The first woman to win election to both houses of Congress, Margaret Chase Smith was known for her rugged political independence and the red rose she wore daily. Born in Skowhegan, Maine, in 1897, she attended local schools and worked as a grade school teacher, telephone operator, newspaper circulation manager, and business manager of a textile mill. In 1925 she became president of the Maine Federation of Business and Professional Women's Clubs. When she married Clyde H. Smith in 1930, she turned her attention to public service and became a member of the Republican state committee. When her husband was elected to the U.S. House of Representatives in 1936 as a Republican, she became his secretary, office manager, and political confidante. After Congressman Smith died of a heart attack in 1940, Margaret Chase Smith won a special election to succeed him and remained in the House for four terms. During World War II, she introduced legislation to give women permanent status in the military.
Smith won a U.S. Senate seat in 1948. During her 24-year Senate career, she became an expert in military affairs and aeronautics and served as the ranking Republican on both the Armed Services Committee and the Aeronautical and Space Sciences Committee. One NASA director commented that if it were not for Margaret Chase Smith, we never would have placed a man on the Moon.
Smith became the first woman elected to a leadership post in the Senate: chair of the Senate Republican Conference. She also set a record for casting the largest number of consecutive roll call votes—2,941—which ended when she missed a vote because of back surgery.
Despite these many achievements, Smith's most enduring legacy was her courageous "Declaration of Conscience" against the politics of "fear, ignorance, bigotry, and smear" that she attributed to Wisconsin Senator Joseph McCarthy. "If I am to be remembered in history," she later declared, "it will not be because of legislative accomplishments but for an act I took as a legislator in the United States Senate when on June 1, 1950 I spoke in the Senate in condemnation of McCarthyism...." [1]
The rose that Smith wore daily in her lapel was emblematic of her long crusade to have the rose declared the official flower of the United States. Her efforts were initially thwarted by Senate Republican Leader Everett M. Dirksen, who supported the marigold. It was not until 1987, long after Senator Smith's retirement, that Congress finally designated the rose as the national flower.
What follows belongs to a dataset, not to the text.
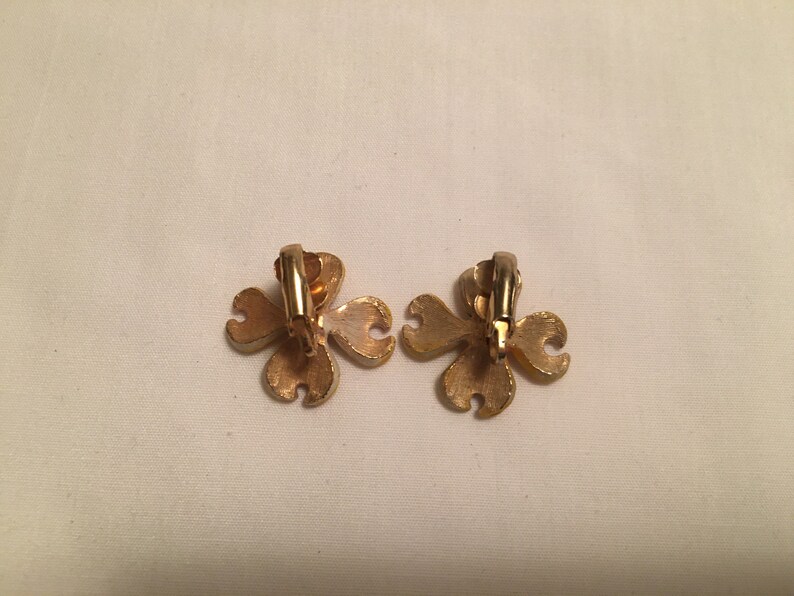 Yellow Enamel Brooch /& Earring Set
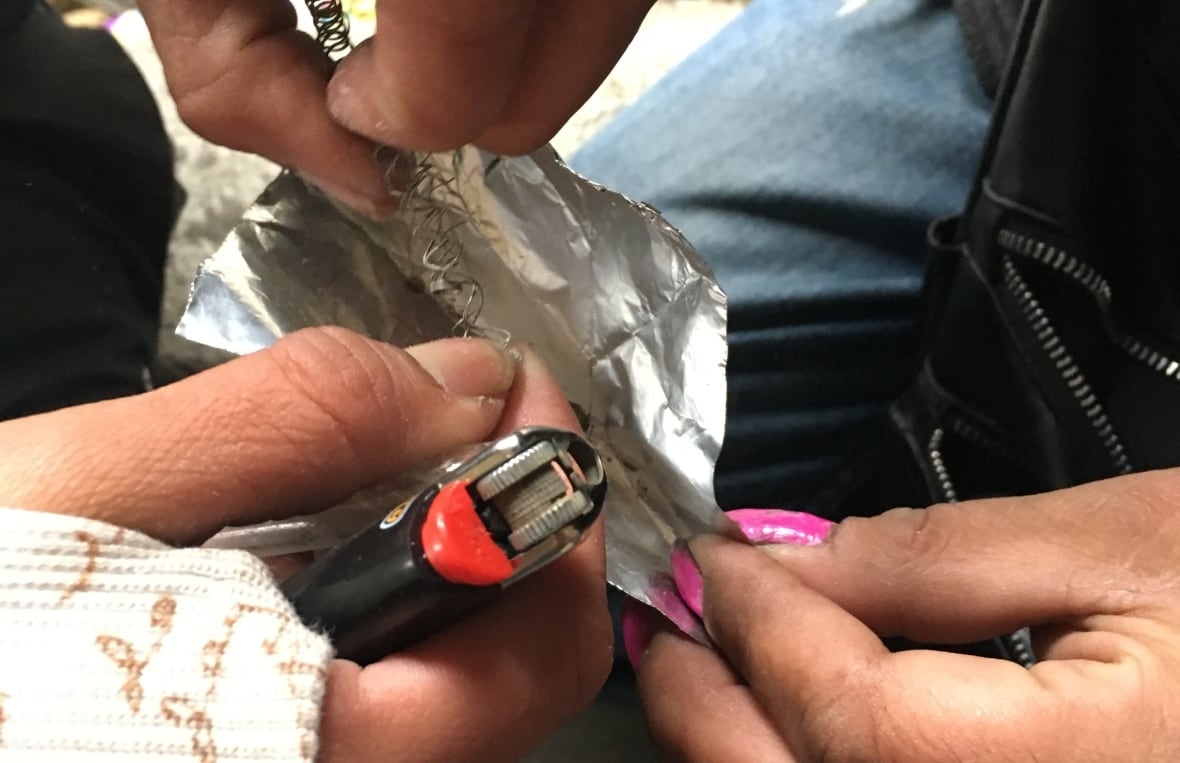 Despite 'massive shift' towards smoking over injection, Ontario has only 1 supervised drug inhalation space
In 1964 Smith declared her candidacy for the presidency. She entered several Republican primaries and became the first woman to have her name placed in nomination at a major party convention. Smith continued in the Senate until 1973 and having been defeated for reelection, retired to Skowhegan. She was awarded the Presidential Medal of Freedom in 1989 and died in 1995 at the age of 98.
1. Robert C. Byrd, The Senate, 1789-1989, vol. 2 (Washington, D.C.: Government Printing Office, 1991), 522.